ACTIVITY =>
From the line containing "haruna.jpg(4427 byte)" through the last line of the entries below, transcribe each line exactly, excluding any picture.

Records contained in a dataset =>

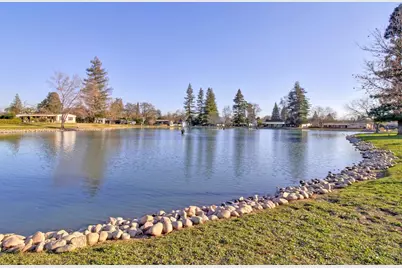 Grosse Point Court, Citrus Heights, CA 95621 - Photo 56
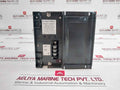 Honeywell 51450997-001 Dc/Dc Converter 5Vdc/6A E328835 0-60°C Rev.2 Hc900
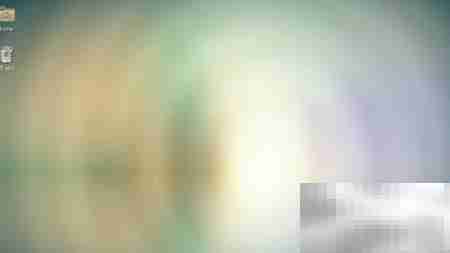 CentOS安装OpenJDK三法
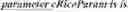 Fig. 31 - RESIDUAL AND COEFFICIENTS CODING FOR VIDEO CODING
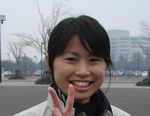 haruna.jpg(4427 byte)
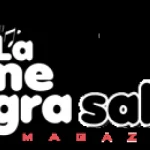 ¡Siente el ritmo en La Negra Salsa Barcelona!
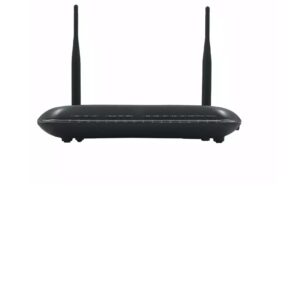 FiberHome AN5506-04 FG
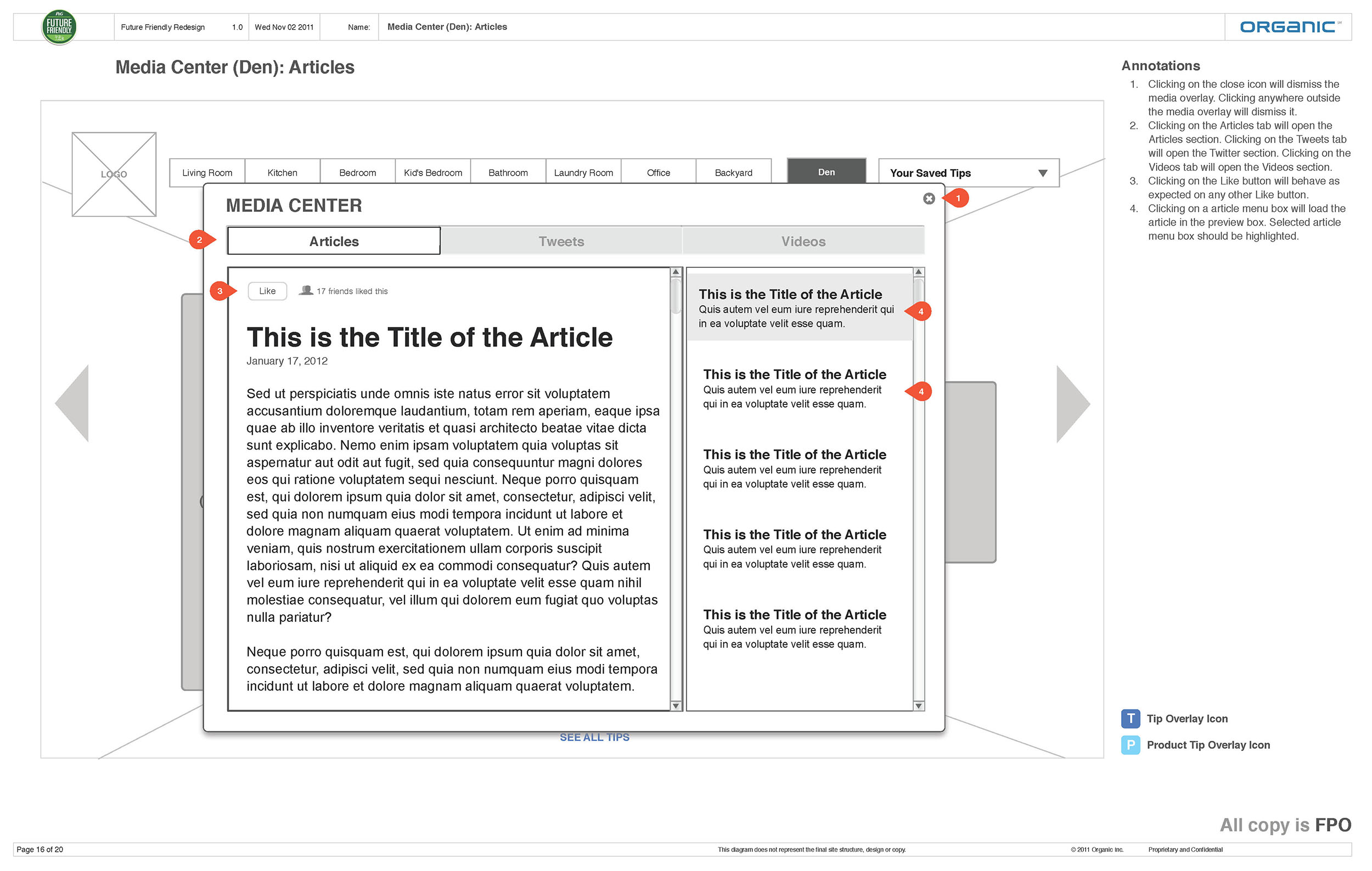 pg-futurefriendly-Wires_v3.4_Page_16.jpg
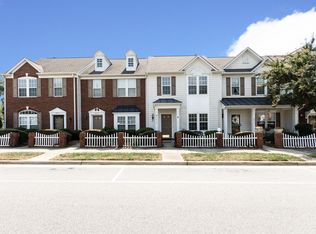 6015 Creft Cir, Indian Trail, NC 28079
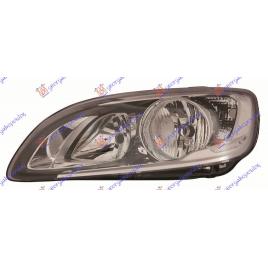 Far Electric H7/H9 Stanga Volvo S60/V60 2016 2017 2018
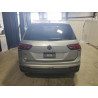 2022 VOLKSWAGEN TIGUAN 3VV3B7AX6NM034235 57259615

EXPECTED ANSWER =>
 haruna.jpg(4427 byte)
 ¡Siente el ritmo en La Negra Salsa Barcelona!
 FiberHome AN5506-04 FG
 pg-futurefriendly-Wires_v3.4_Page_16.jpg
 6015 Creft Cir, Indian Trail, NC 28079
 Far Electric H7/H9 Stanga Volvo S60/V60 2016 2017 2018
 2022 VOLKSWAGEN TIGUAN 3VV3B7AX6NM034235 57259615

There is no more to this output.